Solve $(n+1)f(n+1)=(n+2)f(n)+1$

Question

I solved a problem here, but I could not solve the functional equation, $(n+1)f(n+1)=(n+2)f(n)+1$ without induction at that time. So here is a way to solve the problem.

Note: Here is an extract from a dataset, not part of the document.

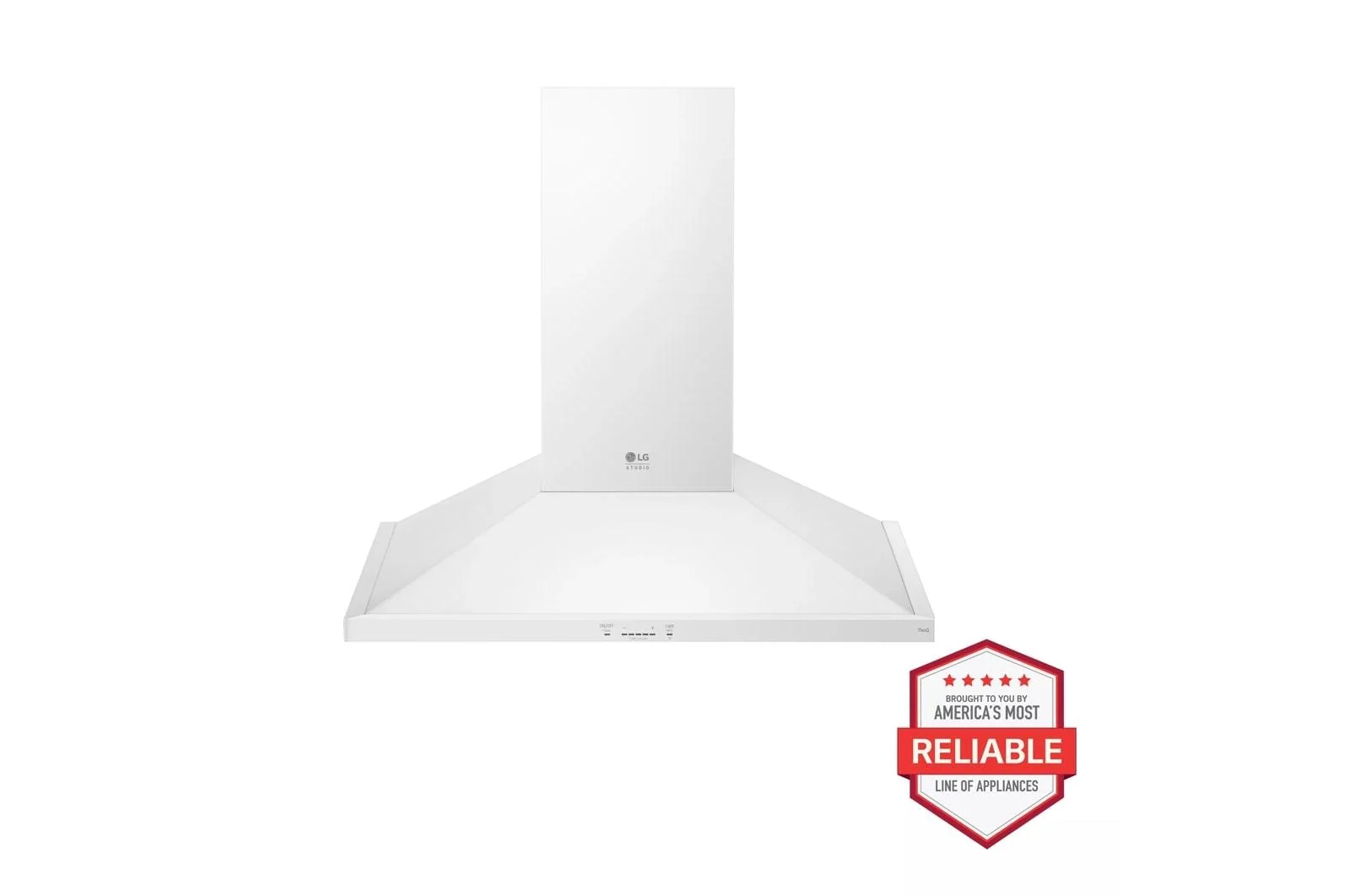 Lg LSHD3080N 30" LG STUDIO Wall Mount Range Chimney Hood - Essence White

I want to know if their is another way to do it, which is shorter than what I show here not involving induction:

Problem:

$f(1)=1$ and $(n+1)f(n+1)=(n+2)f(n)+1$, $n\in \mathbb{N}$. Find $f(n)$.

Solution:

Let $g(n)=\frac{f(n)}{n}$.

Then $$(n+1)^2g(n+1)=n(n+2)g(n)+1\\\Rightarrow (n+1)^2[g(n+1)-1]=n(n+2)[g(n)-1]\\\Rightarrow [g(n+1)-1]=\frac{n(n+2)}{(n+1)^2}[g(n)-1]=\frac{n(n+2)(n-1)(n+1)}{(n+1)^2n^2}[g(n-1)-1]\\=\dots =\frac{n!(n+2)!}{2!(n+1)!(n+1)!}[g(1)-1]=\frac{(n+2)}{2(n+1)}[g(1)-1]=0\\\text{(since as $n\to\infty$, $\frac{n+2}{n+1}\rightarrow 1$)}(*)$$

Hence $g(n)=1\Rightarrow f(n)=n\space\space\space \blacksquare$

Also I need to know if can say $(*)$, as well.

Answer 1

Let $g(n)=\dfrac{f(n)}{n+1}.$ Then $$g(n+1)-g(n)=\dfrac{1}{(n+1)(n+2)}=\dfrac{1}{n+1}-\dfrac{1}{n+2}.$$ Now telescope !

Answer 2

Plugging in $n=1$ into the equation yields $f(2) = 2$. This, along with $f(1)=1$, leads to the irresistible conjecture that $\forall n f(n) = n$. Indeed, we see this is a solution since the LHS becomes $(n+1)^2$ and the RHS becomes $(n+2)n+1 = (n+1)^2$.

Now to prove uniqueness: Suppose there is another solution $g(n)$. There must be at least one number $n$ such that $g(n) \not = n$. Now apply the Extreme Principle: take the smallest $n$ (call it $n_0$) such that $g(n_0) \not = n_0$.

Plug in $n_0-1$ into the functional equation:

$$n_0g(n_0) = (n_0+1)(n_0-1) = n_0^2$$

$$g(n_0) = n_0$$

But this is a contradiction, since we assumed $g(n_0) \not = n$.